Exercise objective
Retype exactly the lines below, starting with the line that contains "COSE DA CASA" and ending with the last line; leave out any pictures.

Stored data
>>

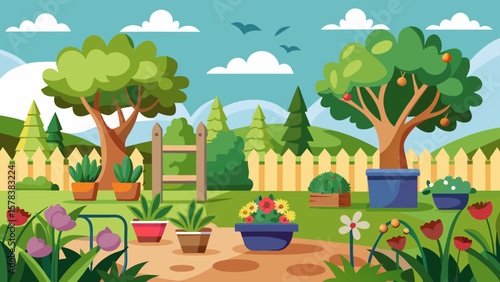 Vibrant cartoon garden scene with blooming flowers and fruit trees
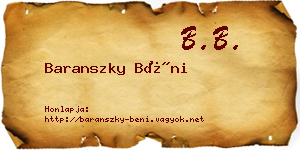 Baranszky Béni névjegykártya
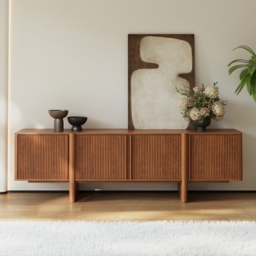 200 cm Solid Wood TV Stand Mid Century Modern Media Console with Storage in Walnut - thumbnail 2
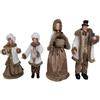 COSE DA CASA Set 4 Cantori Natalizi Decorativi con Pelliccia famiglia in coro cantanti natale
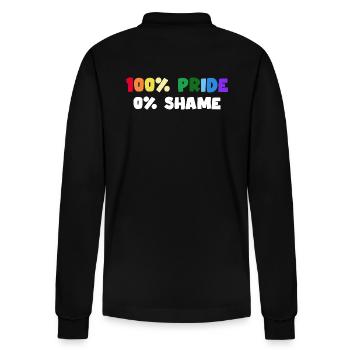 pride party people lgbt "no shame" - Stanley/Stella Unisex Bio-Langarm-Poloshirt Prepster - Schwarz - Hinten - Anna (173cm)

<<

Response for this exercise
 COSE DA CASA Set 4 Cantori Natalizi Decorativi con Pelliccia famiglia in coro cantanti natale
 pride party people lgbt "no shame" - Stanley/Stella Unisex Bio-Langarm-Poloshirt Prepster - Schwarz - Hinten - Anna (173cm)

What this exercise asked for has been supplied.